The answer is the data below, repeated exactly, with no pictures included.

BEGIN RECORDED DATA

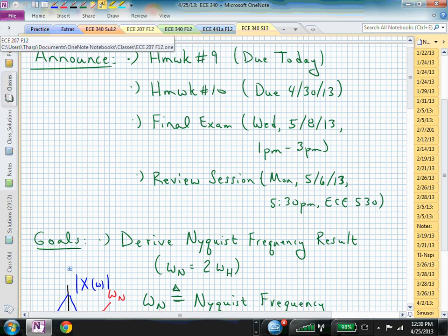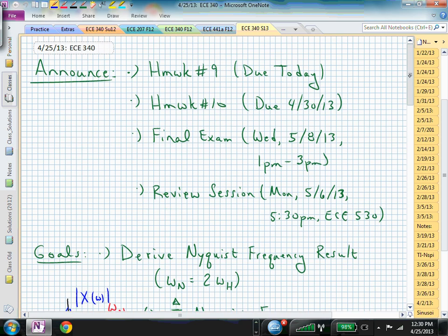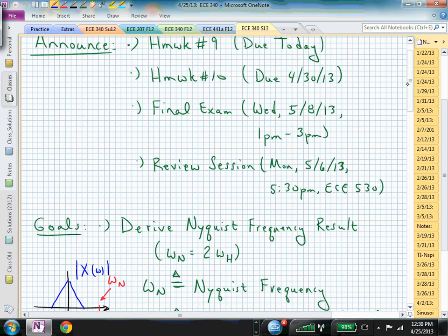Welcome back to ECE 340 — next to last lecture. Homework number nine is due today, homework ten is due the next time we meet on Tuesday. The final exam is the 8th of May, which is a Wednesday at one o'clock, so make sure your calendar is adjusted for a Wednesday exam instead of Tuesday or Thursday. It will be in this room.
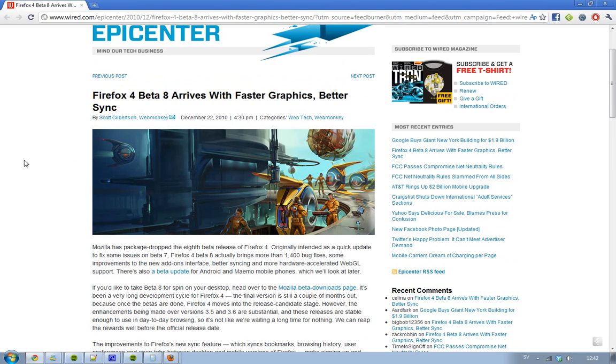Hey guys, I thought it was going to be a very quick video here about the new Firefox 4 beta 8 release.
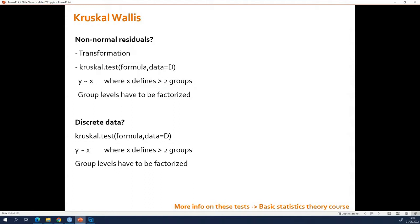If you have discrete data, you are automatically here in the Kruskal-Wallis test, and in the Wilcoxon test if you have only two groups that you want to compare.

END RECORDED DATA

■ EXERCISE OUTPUT:
Welcome back to ECE 340 — next to last lecture. Homework number nine is due today, homework ten is due the next time we meet on Tuesday. The final exam is the 8th of May, which is a Wednesday at one o'clock, so make sure your calendar is adjusted for a Wednesday exam instead of Tuesday or Thursday. It will be in this room.
Hey guys, I thought it was going to be a very quick video here about the new Firefox 4 beta 8 release.
If you have discrete data, you are automatically here in the Kruskal-Wallis test, and in the Wilcoxon test if you have only two groups that you want to compare.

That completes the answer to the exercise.